Page 28 of Crooked Hearts


  “And a beautiful nun you were. Especially after you got out of the habit.” In one smooth move, he had her flat on her back, with him on top.

  “Reuben, wait—” He’d grown more hands, and they were all diligently going about their one job, which was to get her out of her clothes. “Wait, Reuben,” she said again, as ineffectively as the first time. “Stop! We can’t do this.”

  “Why not?”

  “Because it’s your turn!”

  Now he was using his teeth as well as his hands to get out the knot he’d made in the ties of her chemise. He lifted his head. “My churn to what?” He frowned, a lace sticking out of his mouth like a noodle.

  “I want to hear about you—your life!
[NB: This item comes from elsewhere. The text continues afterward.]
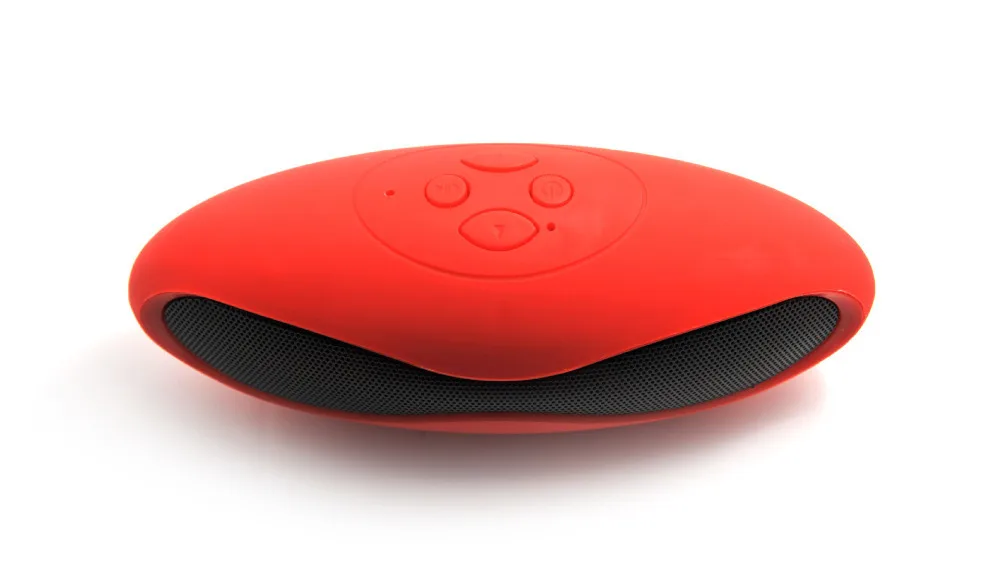 Мини Беспроводная Связь Bluetooth Спикер Портативный TF USB FM Радио Mp3 Сабвуфер Динамик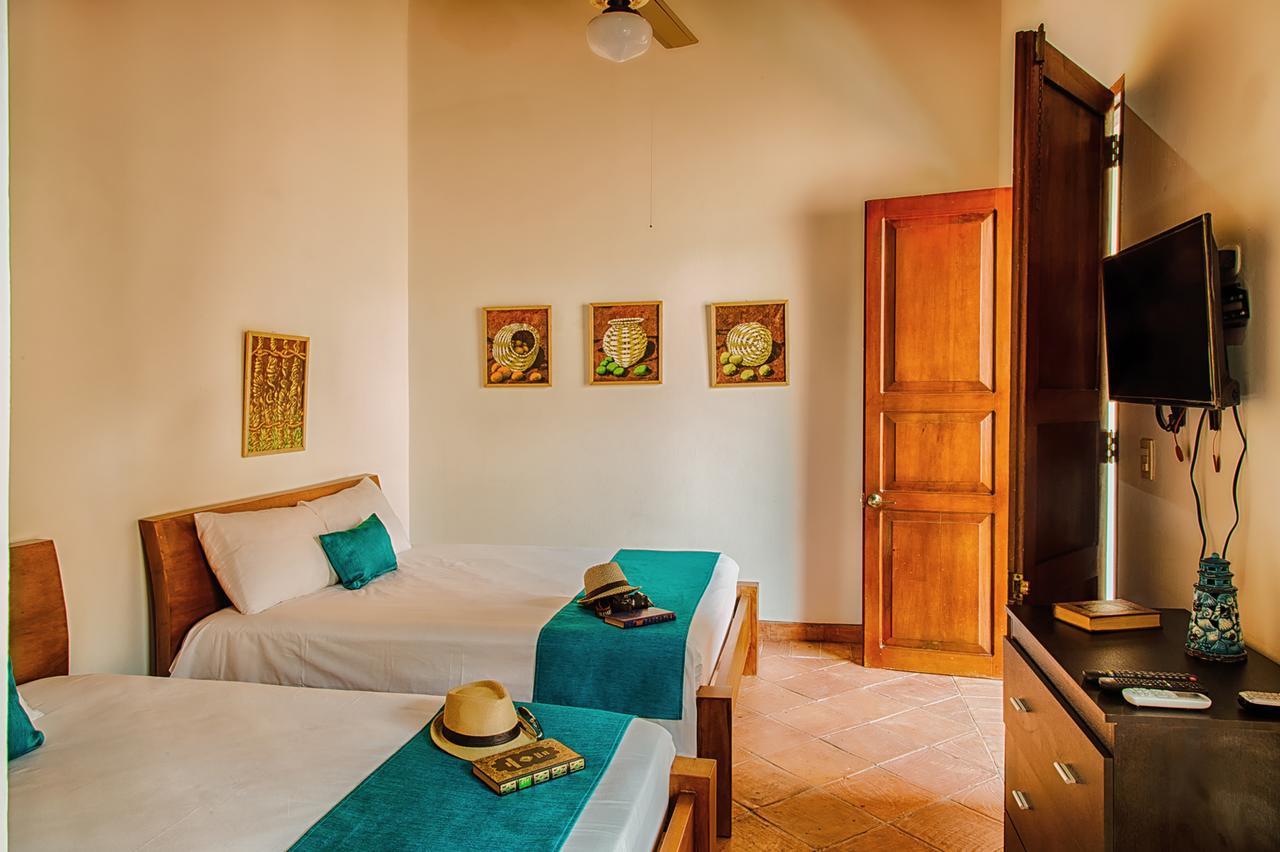 Casa D´Remedios La Bella Hotel Boutique Ciénaga Extérieur photo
The truth, Reuben. It’s only fair.”

  He spat the lace out and sat back, incredulous. “Wait a second. Are you making it a condition?”

  She thought about it. “Yes,” she said boldly.

  His lip curled in a sexy snarl. “I don’t like conditions.” Before she could stop him, he took her by the shoulders and pushed her gently back to the ground. While he kissed her, he moved his bent knee across her legs, a maneuver that held her down and dragged her skirts up around her thighs at the same time.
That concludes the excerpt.